What this task involves: All pictures are to be omitted while the lines starting at the line with "Korean floral cosmetic" and ending at the line with "展示会写真　ハンドマッサージ.jpg" in the material below are retyped exactly, both ends included.

Recorded information:

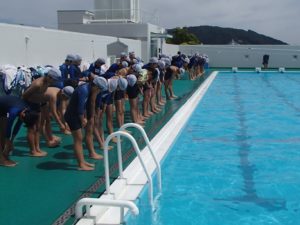 今の子供達には信じてもらえないかもしれないけど・・・「昔のプール授業はこうだった」→懐かしさと共感が止まらない！！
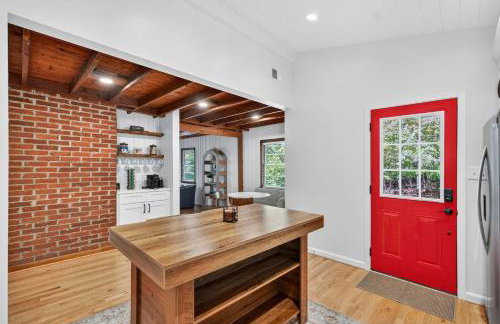 Cabin w River Access Fire Pit Grill WiFi & More - Foto 26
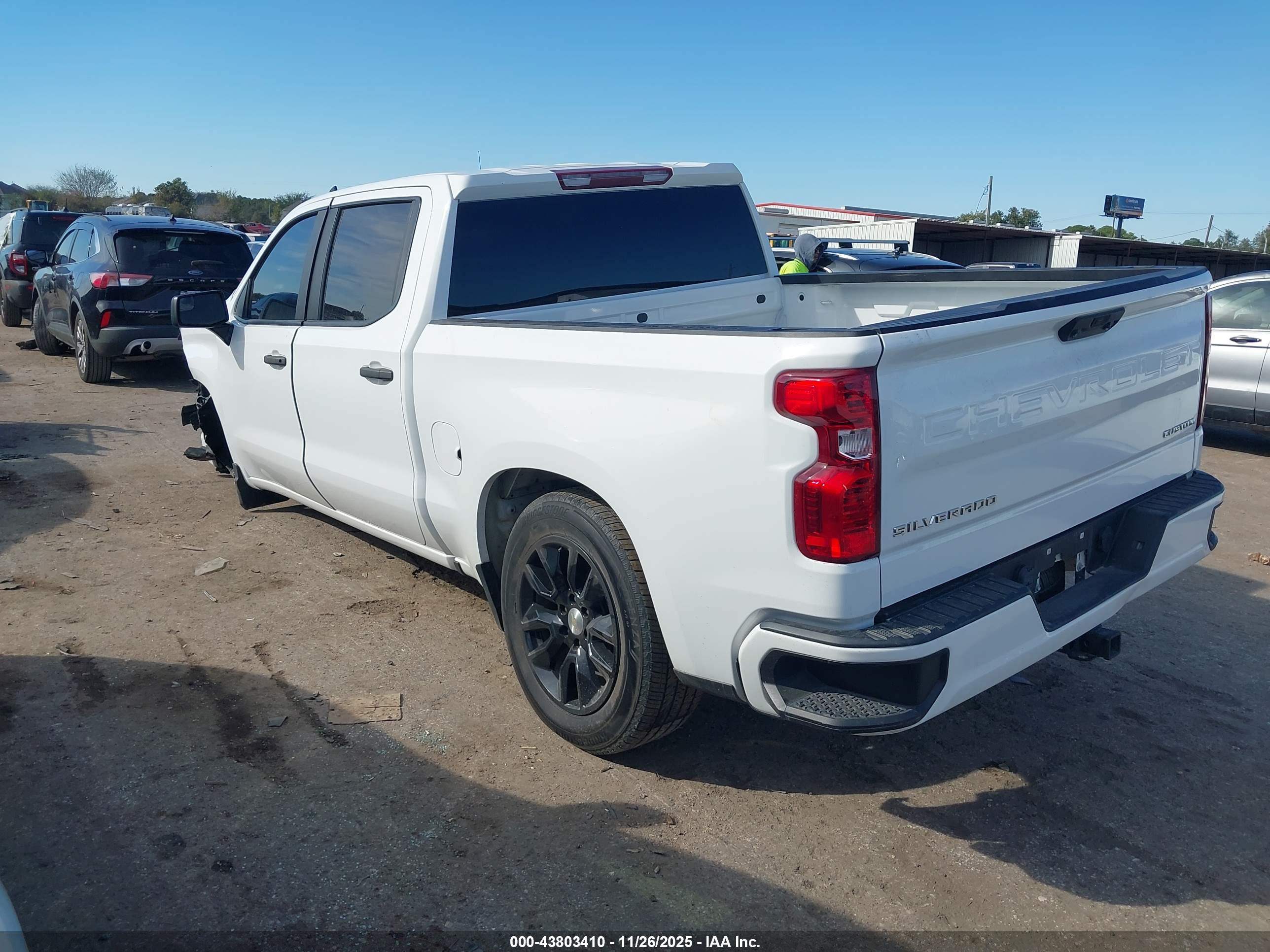 CHEVROLET SILVERADO image 3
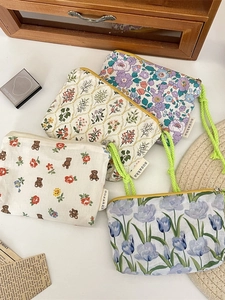 Korean floral cosmetic storage bag with rope handle for portable wash and makeup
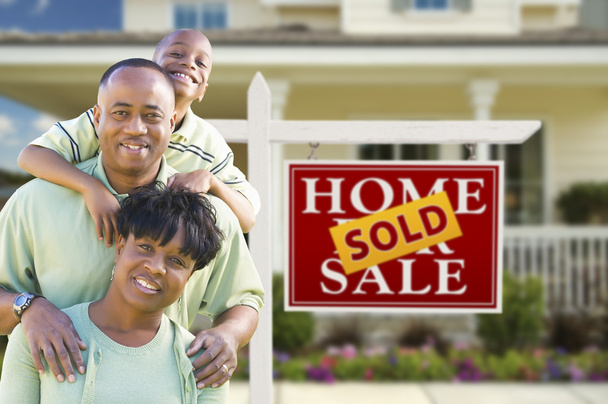 Afro-Amerikan aile gayrimenkul işaret ve evin önünde - Fotoğraf, Görsel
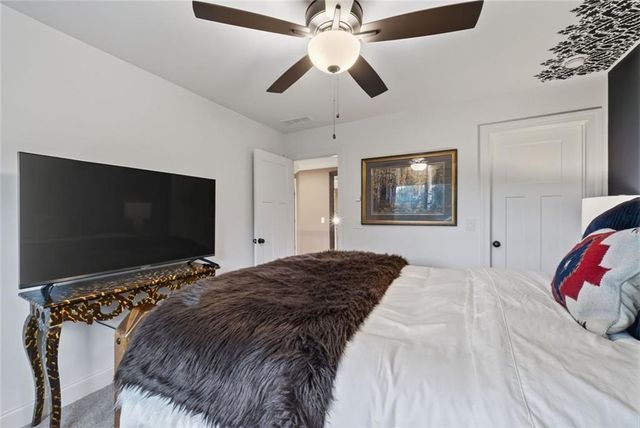 1448 Henderson Ridge Lane, Loganville, GA 30052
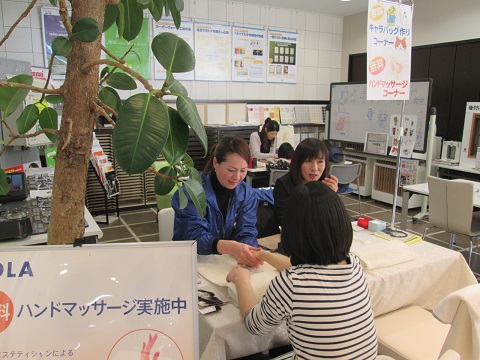 展示会写真　ハンドマッサージ.jpg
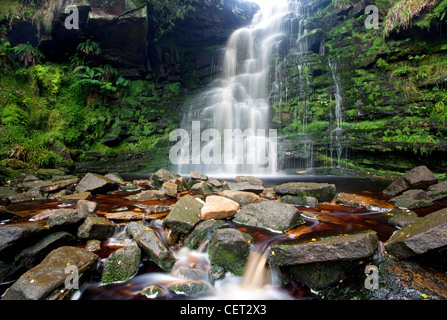 Schwarz-Clough fällt in der Peak District National Park. Stockfoto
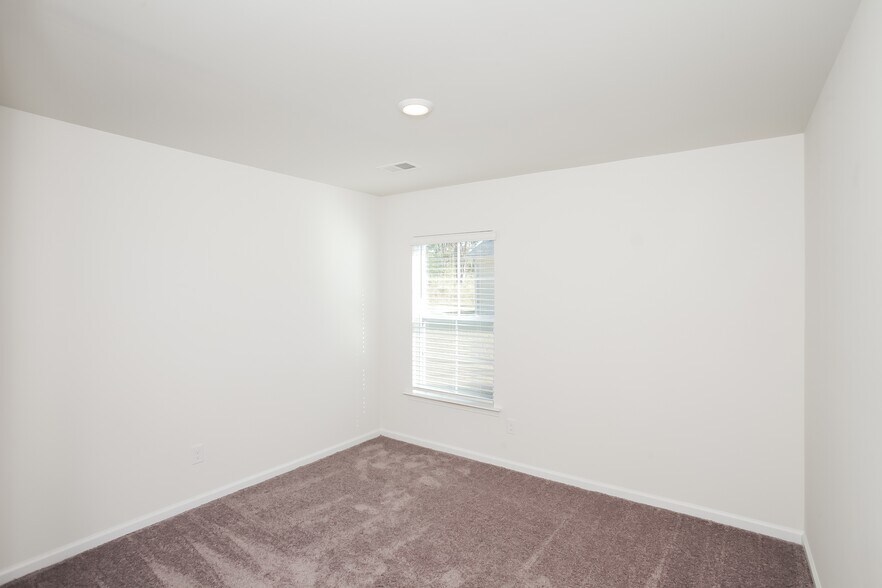 Building Photo - 1302 Gardner St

Exercise answer:
 Korean floral cosmetic storage bag with rope handle for portable wash and makeup
 Afro-Amerikan aile gayrimenkul işaret ve evin önünde - Fotoğraf, Görsel
 1448 Henderson Ridge Lane, Loganville, GA 30052
 展示会写真　ハンドマッサージ.jpg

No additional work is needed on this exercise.